Transparency has been something of a ‘buzz word’ in regulatory circles since the financial crisis, but it never ceases to amaze me quite how many parts of the financial services industry remain opaque.

In numerous conversations over the past few weeks, transparency has come up time and time again.

The scandal over Barclays LX is perhaps the most prominent example of where a lack of transparency has hurt not only investors, but the reputation of the industry. With the public already concerned over the role of high-frequency trading (HFT) in fixing markets against the interests of investors, the news that a major global investment bank is accused of covering up the extent of HFT on its trading venue is unlikely to win the industry any sympathy.

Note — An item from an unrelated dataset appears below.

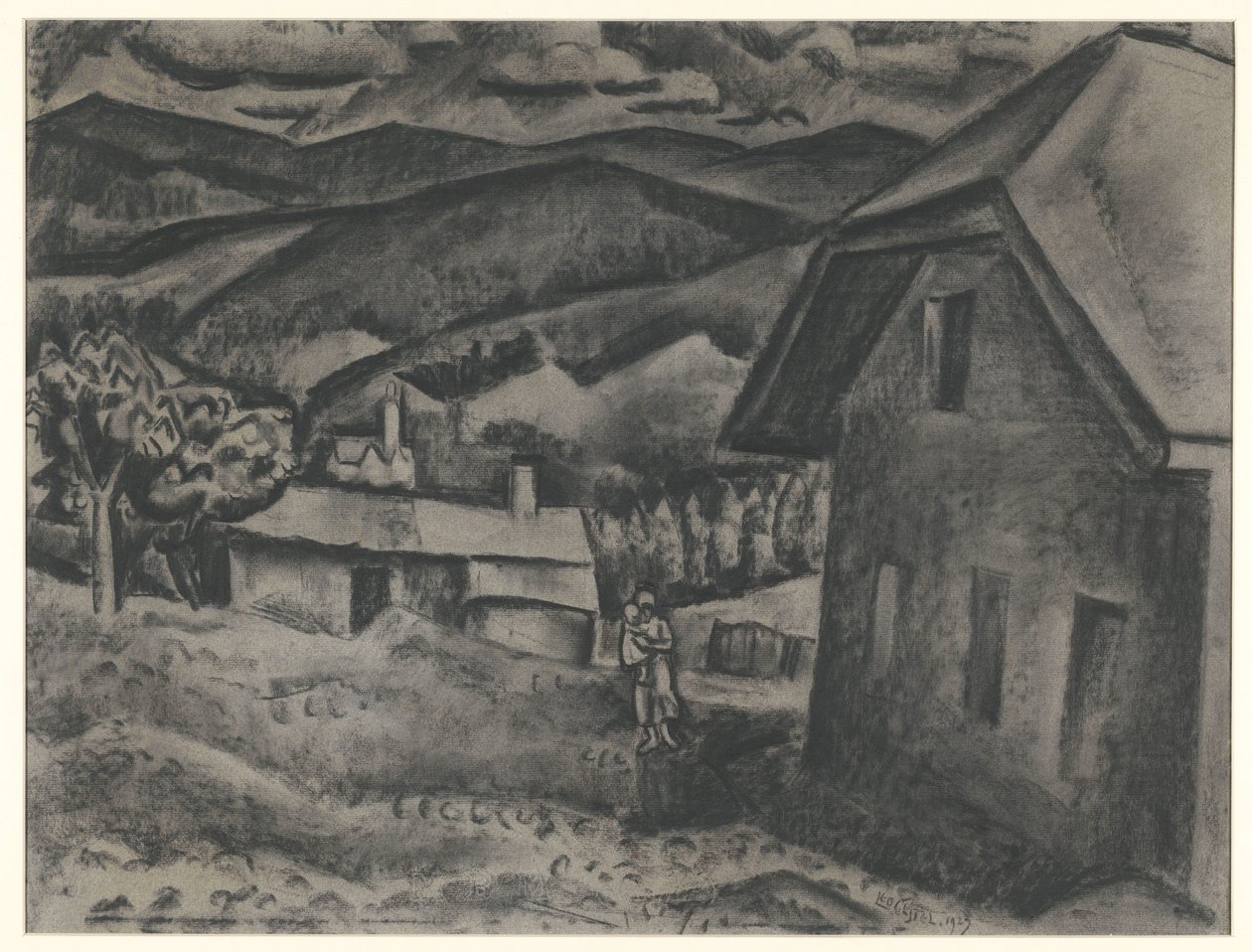Landscape with Woman with Child in Front of a House by Leo Gestel (signed by artist)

Unfortunately, it seems this reluctance to be transparent is endemic among the sell-side despite the many regulatory initiatives to the contrary since the financial crisis. Brokers have been content to be highly selective with the information they give to their buy-side clients and while this is beginning to change, it is largely due to institutional investors having to be more thorough in their efforts to extract information, rather than a change in sell-side culture.

Some regulators in the US are now calling for increased dark pool transparency to ensure investors really do understand what they’re being exposed to, but should it really have to be this way? The buy-side has been on a long journey in recent years to better understand how their orders are being handled and what kind of flow they’ve been exposed to along the way.

There has been ample opportunity for the sell-side to help with this, but an inability to act means the industry as a whole is likely to face much stricter rules and oversight than might have been the case if it had self-regulated and got rid of unnecessarily opaque structures beforehand.

Of course, the buy-side must be mindful of its own obligations to improve transparency. Moves to unbundle the cost of research and execution commissions by regulators in the UK and Europe will ultimately make the investment process more transparent for end investors.

Though there is certainly a convenience factor in the old bundled payments model, it failed to give investors a real sense of what the true costs of asset management were and in many cases left them worse off through overpaying for research.

The transparency buzz is rapidly becoming a hard reality for the industry. While some have tried to resist, regulators are determined to change things. Perhaps even more important for the buy-side is that end investors are scrutinising transparency issues more than ever and is where asset managers’ loyalties ultimately lie.